With 9 training sentences, we have a small but workable corpus. The vocabulary of about 20 tokens is typical for such toy examples. Notice how higher-order models have more unique n-grams: the trigram model distinguishes more context patterns than the bigram model.

Now let's evaluate these models on held-out test data.

In[17]:
Code
# Test sentences (some seen, some novel)
test_sentences = [
    "the cat sat on the mat".split(),  # Seen in training
    "the dog chased the bird".split(),  # Partially novel
    "a bird flew over the mat".split(),  # More novel combinations
    "the cat and the dog played".split(),  # Novel structure
]

# Calculate perplexity for each model
results = []
for n, model in models.items():
    pp = model.perplexity(test_sentences)
    results.append((n, pp))
Out[18]:
Console
Perplexity on Test Set:
----------------------------------------
       Model      Perplexity    Bits/Word
----------------------------------------
1-gram                 17.72         4.15
2-gram                  5.09         2.35
3-gram                  6.34         2.66

The results reveal a common pattern: higher-order models achieve lower perplexity when they have enough training data.
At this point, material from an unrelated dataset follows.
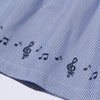 ベビー服 女の子 ストライプ柄リボン付き音符プリント重ね着風Aライン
The bigram model outperforms the unigram model because it captures local word dependencies (like "the cat" being more likely than "the xylophone"). The trigram model may or may not improve further depending on corpus size. With limited data, trigrams suffer from sparsity.
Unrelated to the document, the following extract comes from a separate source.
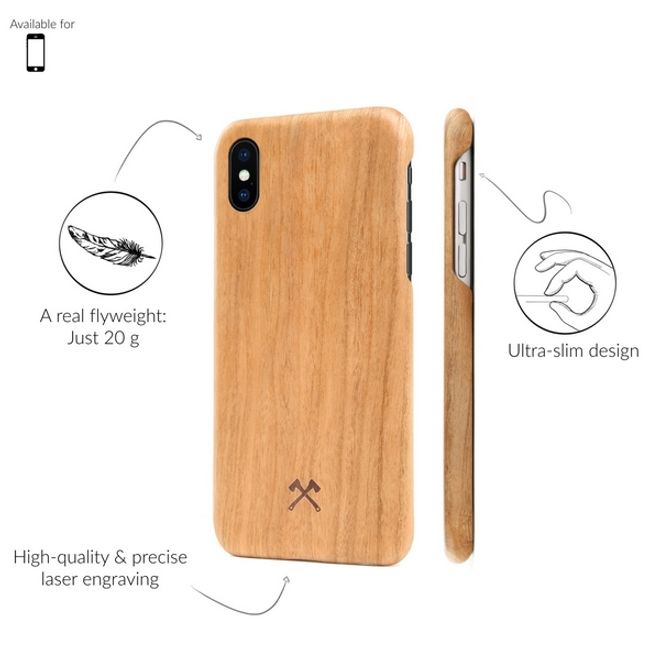 WOODCESSORIES - iPhone XS Max Hülle - Echtholz Slim Series - Kirsche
Per-Sentence Perplexity Analysis

Aggregate perplexity hides important details. Let's examine how perplexity varies across individual sentences.

In[19]:
Code
def sentence_perplexity(model, tokens):
    """Calculate perplexity for a single sentence."""
    padded = ["<s>"] * (model.n - 1) + tokens + ["</s>"]

    total_log_prob = 0.0
    num_tokens = 0

    for i in range(model.n - 1, len(padded)):
        context = tuple(padded[i - model.n + 1 : i])
        word = padded[i]
        total_log_prob += model.log_prob(word, context)
        num_tokens += 1

    avg_log_prob = total_log_prob / num_tokens
    return 2 ** (-avg_log_prob)


# Analyze each test sentence with bigram model
bigram_model = models[2]
sentence_analysis = []

for tokens in test_sentences:
    pp = sentence_perplexity(bigram_model, tokens)
    sentence_analysis.append((" ".join(tokens), pp))
Out[20]:
Console
Per-Sentence Perplexity (Bigram Model):
------------------------------------------------------------
PP =   2.32  "the cat sat on the mat"
PP =   2.69  "the dog chased the bird"
PP =   5.02  "a bird flew over the mat"
PP =  19.47  "the cat and the dog played"
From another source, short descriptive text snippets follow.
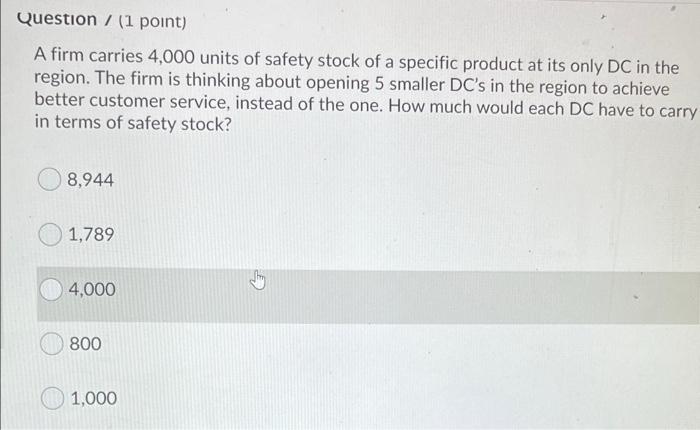 Question / (1 point) A firm carries 4,000 units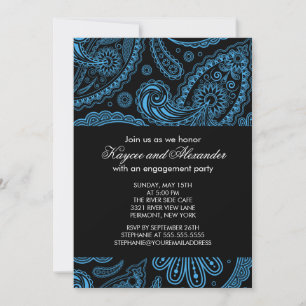 Modern Blue Paisley Engagement Party Invitations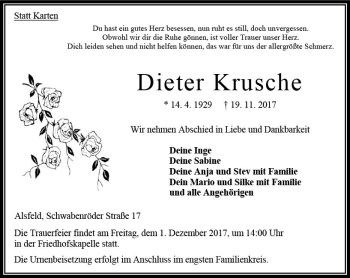 Traueranzeige von Dieter Krusche von VRM Trauer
Sentences that closely match training patterns have lower perplexity. Novel combinations increase perplexity because the model is less certain about them. The output above shows this clearly: sentences with familiar bigram patterns (like "the cat sat on the mat") achieve lower perplexity than those with novel word combinations.

Held-Out Evaluation Methodology

Proper evaluation requires careful data splitting. The standard approach uses three sets:

  1. Training set: Used to estimate model parameters (n-gram counts)
  2. Development set (dev set): Used to tune hyperparameters (like smoothing constants)
  3. Test set: Used only for final evaluation, never touched during development
In[21]:
Code
def split_data(sentences, train_ratio=0.7, dev_ratio=0.15, seed=42):
    """Split data into train/dev/test sets."""
    import random

    random.seed(seed)

    shuffled = sentences.copy()
    random.shuffle(shuffled)

    n = len(shuffled)
    train_end = int(n * train_ratio)
    dev_end = int(n * (train_ratio + dev_ratio))

    return {
        "train": shuffled[:train_end],
        "dev": shuffled[train_end:dev_end],
        "test": shuffled[dev_end:],
    }


# Create a larger corpus for demonstration
larger_corpus = """
the quick brown fox jumps over the lazy dog
a quick brown dog runs through the green field
the lazy cat sleeps on the warm mat
a small bird sings in the tall tree
the big dog chases the small cat
a brown fox hides behind the old tree
the green field stretches to the blue horizon
a lazy dog lies in the warm sun
the tall tree provides cool shade
a quick cat catches the small mouse
the warm sun shines on the green grass
a big bird flies over the blue lake
the old tree stands in the open field
a small mouse hides in the tall grass
the blue lake reflects the clear sky
""".strip().split("\n")

corpus_sentences = [line.lower().split() for line in larger_corpus]
splits = split_data(corpus_sentences)
Out[22]:
Console
Data Split:
----------------------------------------
   train: 10 sentences
     dev: 2 sentences
    test: 3 sentences

With this split, most data goes to training, a smaller portion to development for tuning, and the rest is held out for final evaluation. The test set remains untouched until we've finalized all model choices.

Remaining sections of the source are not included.